Privacy in government transactions

This Legal briefing is intended to assist Commonwealth agencies to identify and manage privacy issues that may arise in the course of a government transaction (such as a procurement).

Commonwealth agencies are subject to privacy obligations under the Privacy Act 1988 (Cth), Australian Privacy Principles, and the Privacy (Australian Government Agencies – Governance) APP Code 2017.

AGS has developed a checklist of matters that Commonwealth agencies should consider in transactions that may involve the handling of personal information.

The legislative framework for privacy

Privacy Act

Commonwealth agencies are subject to obligations relating to the collection, use, storage and disclosure of personal information under the Privacy Act 1988 (Cth) (Privacy Act) and the Australian Privacy Principles (APPs) in Sch 1 to the Privacy Act.

Privacy Code

The Privacy (Australian Government Agencies – Governance) APP Code 2017 (the Privacy Code) further sets out specific requirements agencies must comply with. Importantly, the Privacy Code includes the requirement for agencies to conduct a Privacy Impact Assessment (PIA) for any high privacy risk project.

Eligible data breaches

Part IIIC of the Privacy Act sets out the requirements for agencies to notify affected people and the Office of the Australian Information Commissioner (OAIC) when there has been an eligible data breach. Such a data breach involves personal information that is likely to result in serious harm to an individual.
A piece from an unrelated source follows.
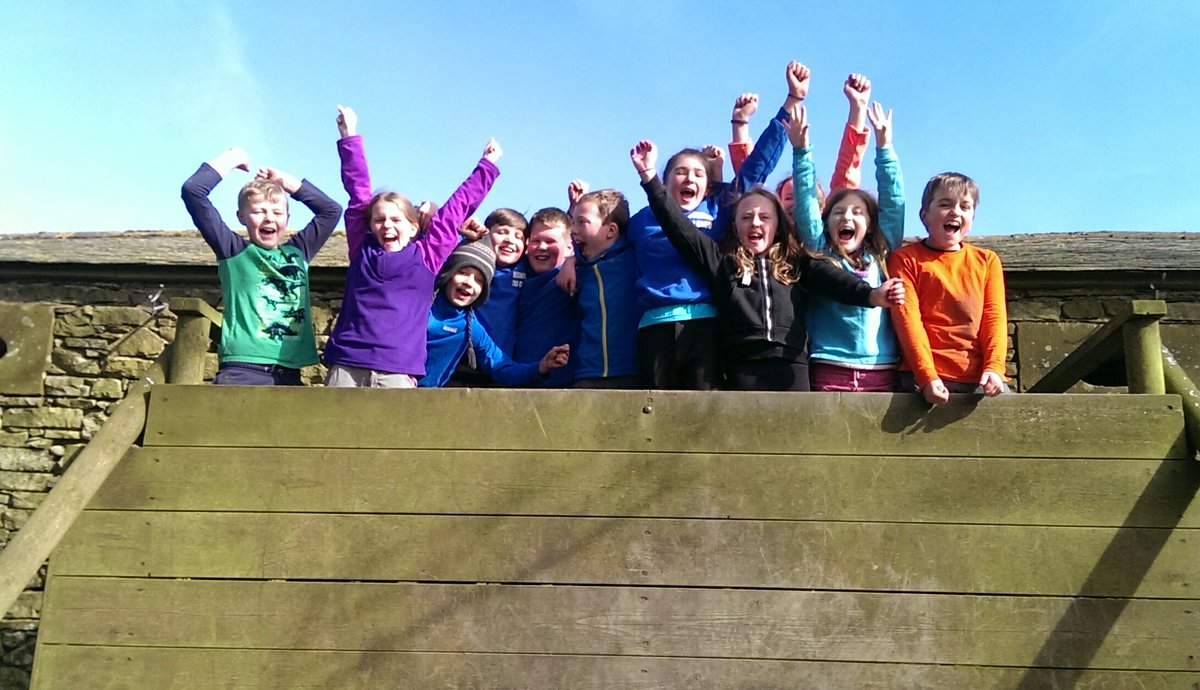 schoolvisits tweet picture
In a government transaction, an eligible data breach could occur where for example:

  • a database containing personal information managed by a contracted service provider is hacked
  • during the course of the transaction, personal information is mistakenly sent to the wrong recipient.

Other specific legislation

In some circumstances, other legislative obligations will also apply. For example:

  • there may be statutory regimes or secrecy provisions that apply to personal information (e.g. health information protected under the My Health Records Act 2012 (Cth), and secrecy provisions protecting Medicare, the Pharmaceutical Benefits Scheme, and Australian Taxation Office data)
  • a contracted service provider or other third party may be required to comply with state or territory privacy legislation.

This publication does not discuss the application of other specific legislation, rules or secrecy provisions.

When can privacy issues arise in a government transaction?

Given the obligations under the Privacy Act and the Privacy Code, privacy should be an ongoing consideration throughout the life of any Commonwealth project, including government transactions like procurements.

All Commonwealth agencies should assess when and how personal information will be handled during a project, as this can trigger certain legislative obligations under the Privacy Act (such as the requirement to conduct a PIA).

Examples of types of government transactions where privacy issues commonly arise include:

  • ICT procurements that involve new or changed ways of collecting or handling personal information (e.g. new surveillance software or new handling of customer or employee data)
  • digital transformation procurements, such as uplifting internal systems or introducing new software that involve handling personal information
  • data exchange agreements and deeds, including collaborative agreements between different agencies
  • implementation of Artificial Intelligence (AI) technologies, including for use in automated decision-making processes
  • arrangements in relation to data matching
  • procurement of service providers to perform functions or provide services where they interface with individuals (e.g. the general public, agency staff or particular sections of the community)
  • arrangements with service providers that involve the movement of data (e.g. from an onsite server to the cloud).

How to identify privacy risks in a transaction or arrangement

Privacy threshold assessments

A Privacy Threshold Assessment (PTA) is a preliminary assessment as to the level of privacy risk involved in a project. Agencies may conduct a PTA to identify whether a project meets the threshold of a ‘high privacy risk project’ that may require a PIA under the Privacy Code.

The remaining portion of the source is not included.